I wish I always felt privileged, grateful and just happy that me and my husband and my boys are alive. But I don't. We all loose focus. We all need reminders of what's important in life. To not sweat the little stuff. Like the fact that my husband comes out of the store with children's tylenol instead of infant's tylenol even though I told him twice. Or that Kaleb spills grape juice all over his beige pants even though I told him to be careful. Or that getting the family together to celebrate my birthday seems like an almost impossible task. These were all things that frustrated me and upset me a few days ago. But today it is small stuff and I am grateful.

Sure it's okay to want things, like a job and a house, but I think there's a reason why the bible says: "Do not be anxious about anything, but in everything, by prayer and petition, with thanksgiving, present your requests to God." Philippians 4:6. We can bring all the small stuff before God and ask for His help and His blessings - all while we remember we have so much to be thankful for, that He has already given us SO much.

Thank you God that today we are alive and well.
And now my baby is crying..
Thank you God!

My beautiful Kaleb in the park.

Wednesday, July 7, 2010

Kathleen's shelf


Kathleen has a shelf. Just a shelf. A shelf tugged away in our office. Nothing pretty. Just a 29 dollar book shelf from Walmart.

She has a single shelf. I wish she had a whole room. A room filled with pretty furniture, dolls, teddy bears and cute pink clothes. I wish that each day she would make a mess in her room like any child does, and that each night I would get the privilege of telling her to clean up. I know she has all she will ever need, could hope or dream for in Heaven. Yet I wish she was here with us. I wish I could buy her the whole world. Instead her clothes is packed away in a small suitcase and her belongings and memoirs sit on a shelf.
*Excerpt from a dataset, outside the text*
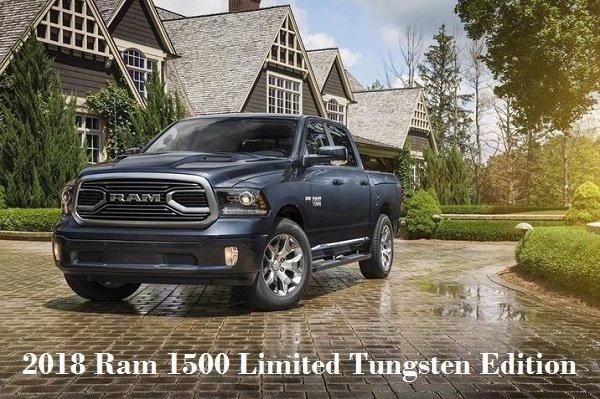 2018 Ram 1500 Limited Tungsten Edition For Sale Near Florence, SC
A brown bear that laid on her casket, two white teddy bears, and a little lamb that came with a poem.

The Shepherds Hand
Taken swiftly as the purest dove
into the the Shepherds open arms of love,
straight from this world of harm,
your beautiful face so full of calm.

One day in Heavens glory we will meet,

O for that day will be so sweet,
but until that time my dearest little lamb,
rest in the Shepherds loving hand.


On the shelf sits a pink stone heart. I wish I could remember who gave it to us.. Some memories seem to be lost in the blur, others are branded into my mind.

Like I remember clear as day leaving the hospital without a baby and instead with a memory box. No words can describe such devastation. The emptiness, the pain. This was not the way it was supposed to be, this was not right. I should be going home with a baby, not a box. A box that now sits on this shelf. Inside of it is a stack of cards. I wish they were cards congratulating us on a new little baby girl. Instead they are cards with titles such as "in deepest sympathy" and words such as: "We are given many precious gifts as we go through life. Some we are allowed to enjoy for a long time... others only briefly. But each gift has the power to change and enrich us, to make us better human beings". I know her brief life was a gift and I know many good things have come from it - yet I wish God would have used other ways to make me a better person and that she was still here. But as another card reads: "Nothing beautiful in this world is ever really lost... those we cherish will always live on in memory". So I look through the box and I remember my baby. I look at the pictures, the hand and footprints, the hospital bracelet, her certificate of birth, a card that says she was born on March 27th 2008 at 0259 weighing 210 grams and measuring 22 centimeters. I hold the little fleece blanket she was wrapped in and hope somehow it will smell like her, but any scent is far gone.. I don't need these things to remember her, yet they do make her more real. I look at these things and I know I didn't make her up, that she was not a figment of my imagination.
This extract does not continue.